3. Stainless steel shaft
It’s generally suitable for use as a part of the measurement in the presence of chemicals such as chemicals, seawater and other
Substances. 
Special machining shafts are finely finished after heat treatment with hard chrome plating for all types of automation equipment. 

 Special Machining for Linear Shaft: 
1. For the Length 

We can offer linear shaft with diameterφ5mm-φ150mm. Maxium length up to 6000mm. 

When you are special requirements on length, we can meet your machining requirements with different length. 

When you request above 6000mm, we can anti-connect for you. 

2. For Special Processing

When you have special requirements on machining. Such as threading, coaxial holes drilled and tapped, radial holes drilled and tapped, reduced shaft diameter etc, we can machine for you, and these special machines are finished after heat treatment and hard chromic so that ensure the precision of product.  

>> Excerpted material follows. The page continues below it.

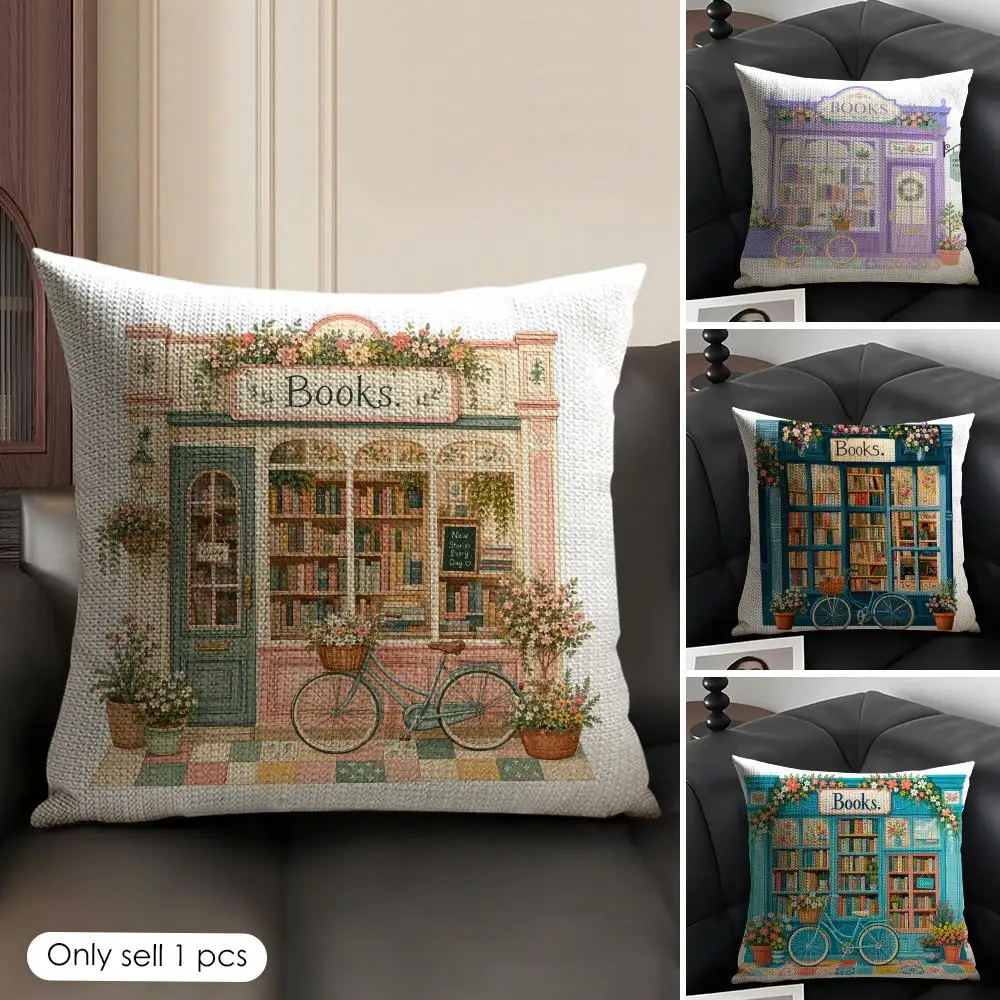 Bookstore Bicycle Floral Cushion Cover Linen Organic Fabric Double-Sided Printing Sofa Breathable Home Decor Gift Pillow Case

Send us your detailed sketch or blue print for propmt quotation and action, you should be satisfied with our service.

Packing
1.Pipe +Wooden box packing
2.Plastic bag+Wooden box packing
3.Industrial packing
4.According customers requirements to do 

Company:
BXY BRAND is a professional Bearing and Grease Manufacturer & Trader that focus on Research & Development, Design, Production and Sales of Bearing and Grease.There has been over 20years of experience in Bearing and Grease domestic & overseas market since we established. In addition to excellent OEM services, we also registered our own brand: BXY,QHW,SKYN,etc.

In order to supply better service and products for valued customers from all over the world, CZPT BRAND follows the development policy of “quality-oriented, customer first” with the goal of “Zero Defect” and the core value of “Integrity of the root” to build CZPT Industry into a modern enterprise company with advanced system, technology, management and beautiful environment. 

We use a fully automatic production line and advanced testing equipment to track and control the whole production process to ensure the stability and consistency of our quality.Meanwhile, the complete strict quality control process can ensure high quality from raw material purchasing to finished product.

Develop up to today, Bearings and Grease from factory are very popular all over the world, such as Russia, Spain, Brazil, America, South Africa, Southeast Asia and other countries.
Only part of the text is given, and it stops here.